Let’s begin with the assertion that we at this publication passionately support the art of Theatre. We continually cry out, “If you are a patron, continue to support theatre, go to as many shows as you care to see, and if you have money or time to spare, donate. There is no better forum for grappling with social issues than theatre. There is no more fitting a place to drop political correctness and challenge status quo.” Having said that, fasten your seat belts, because we’re about to ask some questions that will make many theatre makers unhappy.
The national conference for Theatre Communications Group occurred in Los Angeles this past June. A thousand or so non-profit theatre professionals from around the world gathered to answer the question: “What if…?” The challenge was to re-envision the future of theatre. Administrators and managers of professional theatres were asked to dismiss their preconceptions, to “pretend you don’t know what you know” and then try and solve the problems that confront theatre today.

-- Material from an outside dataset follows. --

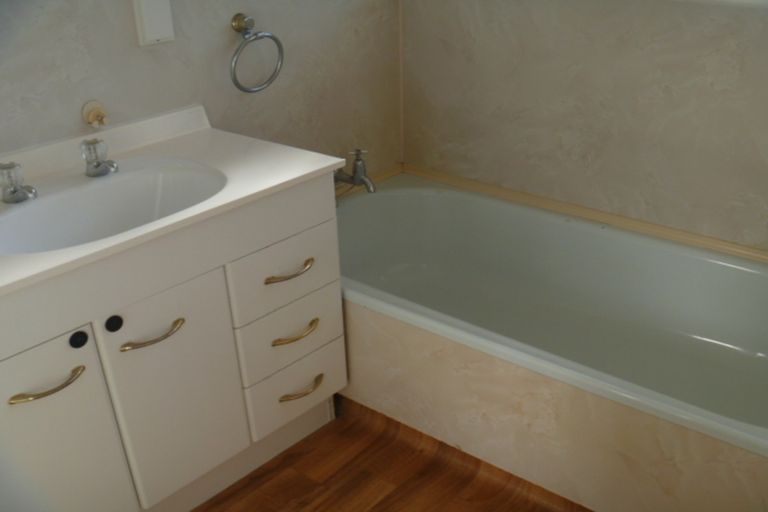 Photo of property in 19 Kerry Street, Alexandra, 9320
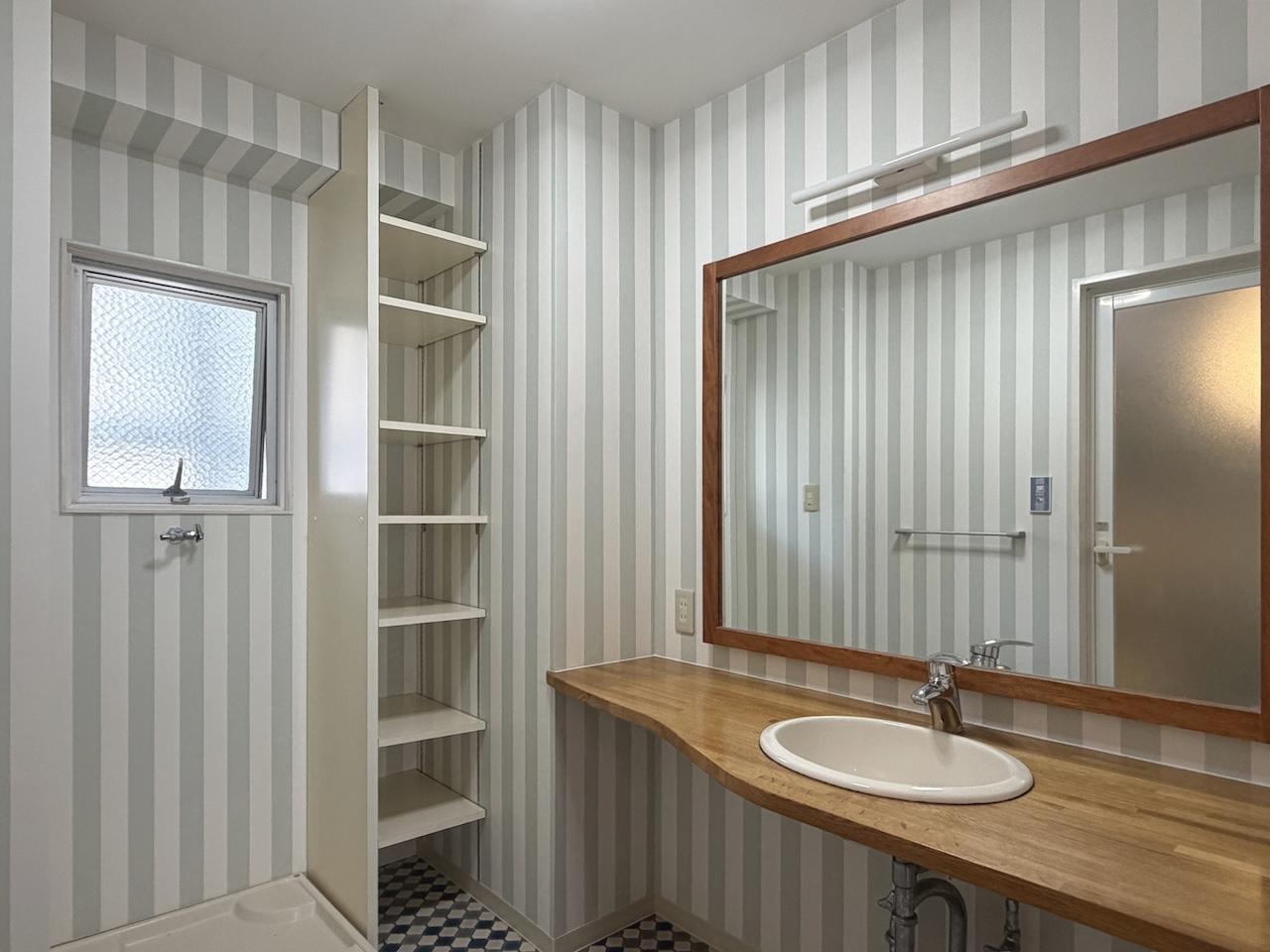 福岡市中央区平尾浄水町の賃貸物件/どこかホテルライクな洗面所。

The questions posed ranged from the practical how to reach new audiences and embrace new technologies, to the philosophical “Is Theatre a place or an event?” However, the existential question never came up — What if theatre has to re-invent how it does business? What if the model were no longer “spend what you must and we will find the money”, but “here’s the budget we have; how can we live within it?”
Since the establishment of the non-profit Regional system in the 1960s, Regional Theatres have grown to the model that others now follow, non-profit institutions relying on the magnanimous nature of donors and foundations. What was originally a handful of theatres spread around the country has now bloomed to more than 1800 organizations striving to gain the audience’s attention. Where a couple of dozen or so theatres used to compete for the philanthropic dollar, there are now hundreds making applications to an ever-dwindling pool of funds.
The largess of the foundation dollar has long been the mainstay of non-profit theatres, and the holy grail for those that had yet to achieve endowment. What if theatres stopped looking for these handouts? What if theatres saw their livelihood as beholden to the final product, the production itself? As Shakespeare tells us, “the play’s the thing” Is that the answer? This is not to deny the needed graciousness of private donors, but to acknowledge that not every company can or will find grants, and that funding does not eliminate the essential and eternal need to work in partnership with audiences.
Theatre is an art form that relies on communication. Somehow the passion, the message of why a given play is important here and now must pass between the participants. Artists and audience blend together to achieve the apex of the art, and if the audience isn’t engaged, if it is not invited to participate, or is not even considered to be a participant, then it will turn its back on the artist and will not only cease supporting the effort, but will no longer be an audience.
What if… Theatres listened to what audiences wanted to see? No, not the 500th interpretation of an old war horse, but what was it that brought a community to a particular stage? For the definition of community, we can be as narrow or as broad as any would wish. Is it the women’s community, is it the geographic community, is it the Socialists, or the Young Republicans? Ultimately, the community defines itself. What if theatre became so imbedded in that community they saw their mission as a service, an extension of the community? What if the artists applied their crafts to challenge or illuminate the assertions of that community? What if shedding light, compelling thought and discourse were the goal?
Audiences want to be engaged and involved. Those that come to see a show do so either because the show addresses an issue or passion within them, or because they know someone connected to the show. It is the first that must be cultivated. The endless downward spiral of discounting to induce the latter to see a performance is a recipe for ruin. Understanding the audience is as essential to a theatre as is the understanding of the theatre by the audience.
While the audience needs to mature and take responsibility for supporting the theatre they want to see, more theatres must mature and become responsible to those they serve. While the creation of art should never be held to a purpose or standard, the artist needs to be aware that art created without an audience is merely masturbation. If there is no communication, there is no art.
John Milton in Paradise Lost has the devil say, “Better to reign in hell than to serve in Heaven.” Is the devil right? Is it better to live asserting oneself in an abyss, or is it better to exercise the breath of art to a purpose greater then the whim of the artist? Each theatre needs to make the choice, and in the choosing will find its just reward.